Topic 13: Backpropagation¶

Introduction¶

Shallow vs. Deep Models: Shallow models compute predictions as a linear function, while deeper models can represent a broader set of functions.
Backpropagation:
- Central algorithm for training neural networks.
- Computes partial derivatives of the loss function with respect to network parameters.
- Used in gradient descent, similar to linear and logistic regression.

Relation to Chain Rule:

Backpropagation applies the Chain Rule from multivariate calculus with additional twists and challenges.

The Chain Rule revisited¶

Model and Loss Function

For univariate inputs and a single training example \((x, t)\):

\[ \begin{aligned} z & = wx + b\\ y &= \sigma(z) \\ \mathcal{L} &= \frac{1}{2}(y - t)^2 \end{aligned} \]

Regularizer

A regularizer encourages simpler explanations by penalizing large weights:

\[ \begin{aligned} \mathcal{R} & = \frac{1}{2}w^2 \\ \mathcal{L}_{\text{reg}} &= \mathcal{L} + \lambda \mathcal{R} \end{aligned} \]

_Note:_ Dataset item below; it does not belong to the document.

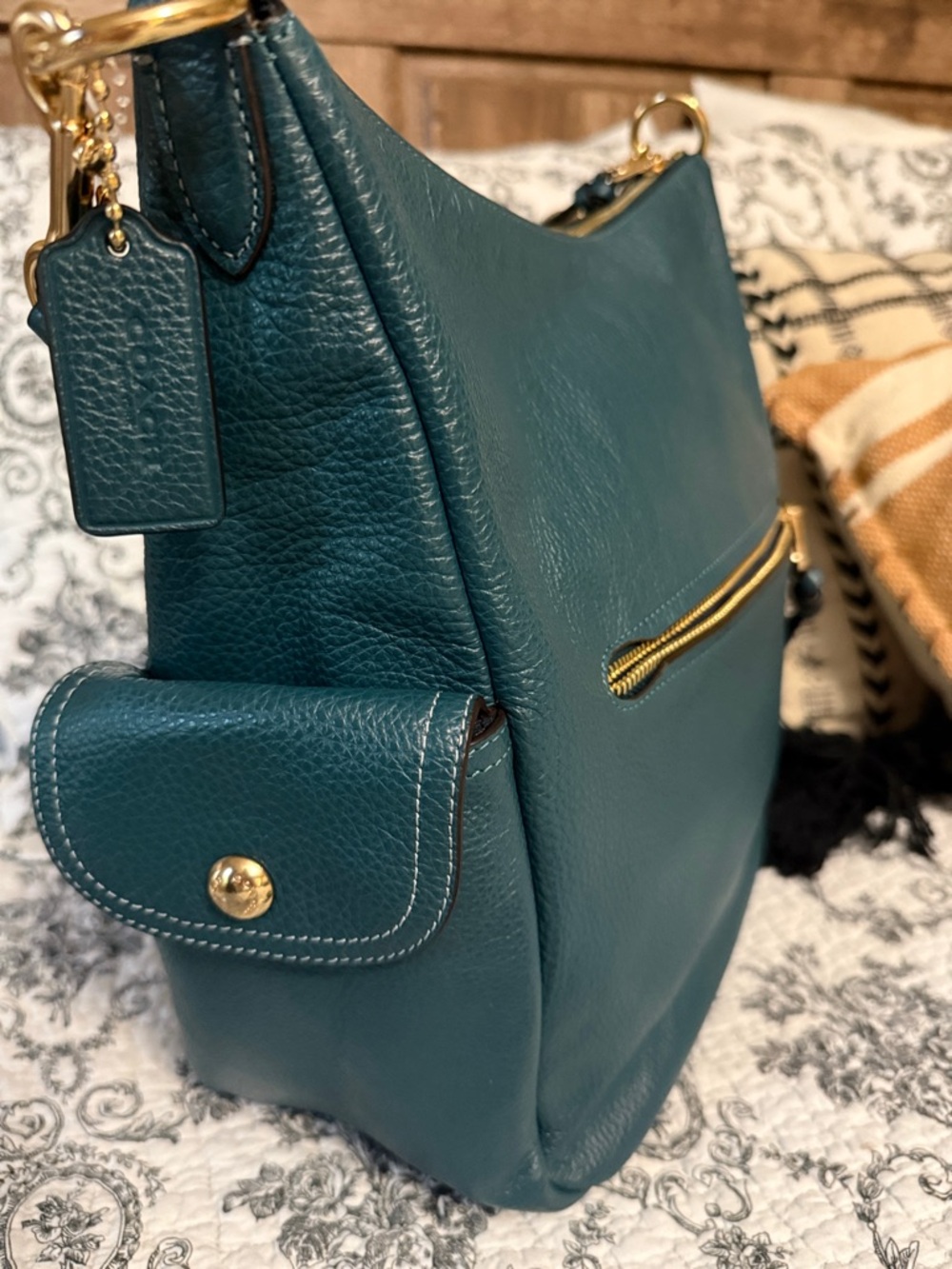 COACH Pennie Shoulder Bag Gold Hardware; Like New! - Picture 5 of 12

\(\lambda\) is a hyperparameter; the larger it is, the more strongly the weights prefer to be close to zero.

Goal

To perform gradient descent, compute the partial derivatives \(\partial \mathcal{L}_{\text{reg}} / \partial w\) and \(\partial \mathcal{L}_{\text{reg}} / \partial b\).

How you would have done it in calculus class¶

Recall that partial derivatives can be calculated in the same way as univariate derivatives. The cost function can be expanded in terms of \(w\) and \(b\), and derivatives are computed using repeated applications of the univariate Chain Rule.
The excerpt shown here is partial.